Vitamin K (PIVKA-II): What This Test Actually Measures

At a glance
- Full name / Protein Induced by Vitamin K Absence or Antagonist-II (des-gamma-carboxy prothrombin, DCP)
- Specimen / Serum, standard venipuncture
- Normal range / <40 mAU/mL (most reference labs); some use <7.5 ng/mL
- Primary uses / Vitamin K status assessment, HCC tumor marker, warfarin monitoring
- Turnaround time / 2 to 5 business days (send-out at most labs)
- Fasting required / Not required, though some labs prefer a morning draw
- Vitamin K forms measured indirectly / K1 (phylloquinone) and K2 (menaquinone) via their carboxylation effect
- HCC sensitivity / 48 to 62% as a standalone marker; rises to 73 to 84% when combined with AFP
- Key interfering factor / Warfarin and other vitamin K antagonists will raise PIVKA-II independent of liver pathology
- Cost / $50 to $150 without insurance; covered under most HCC surveillance protocols
How PIVKA-II Differs from a Standard Vitamin K Level
Most clinicians order phylloquinone (vitamin K1) serum levels when they suspect deficiency.

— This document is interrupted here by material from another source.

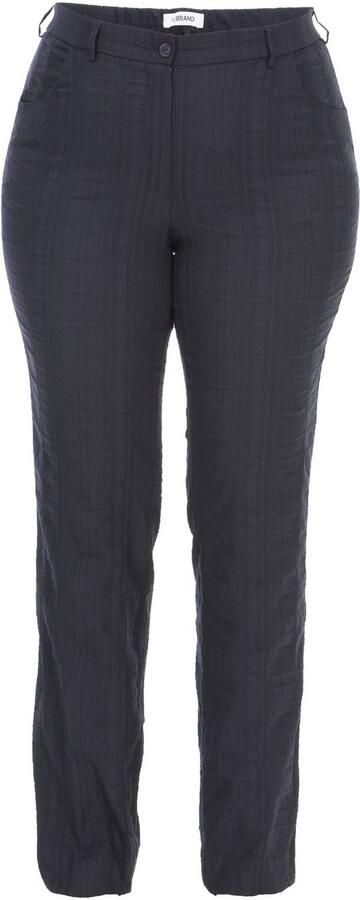 KjBRAND Stoffen broek Bea Zomerbroek optimale pasvorm in dwars-stretch - Foto 4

PIVKA-II takes a different approach: it measures what happens downstream when vitamin K is missing, specifically the accumulation of an incompletely formed clotting protein. This functional readout can detect subclinical deficiency that a direct K1 level might miss.
Prothrombin (factor II) requires vitamin K-dependent gamma-carboxylation to become biologically active. When hepatic vitamin K stores fall short, the liver still produces prothrombin, but without proper carboxylation of its glutamic acid residues 1. The result is des-gamma-carboxy prothrombin, a molecule that cannot bind calcium and cannot participate normally in the coagulation cascade. PIVKA-II is the immunoassay that quantifies this defective protein in serum.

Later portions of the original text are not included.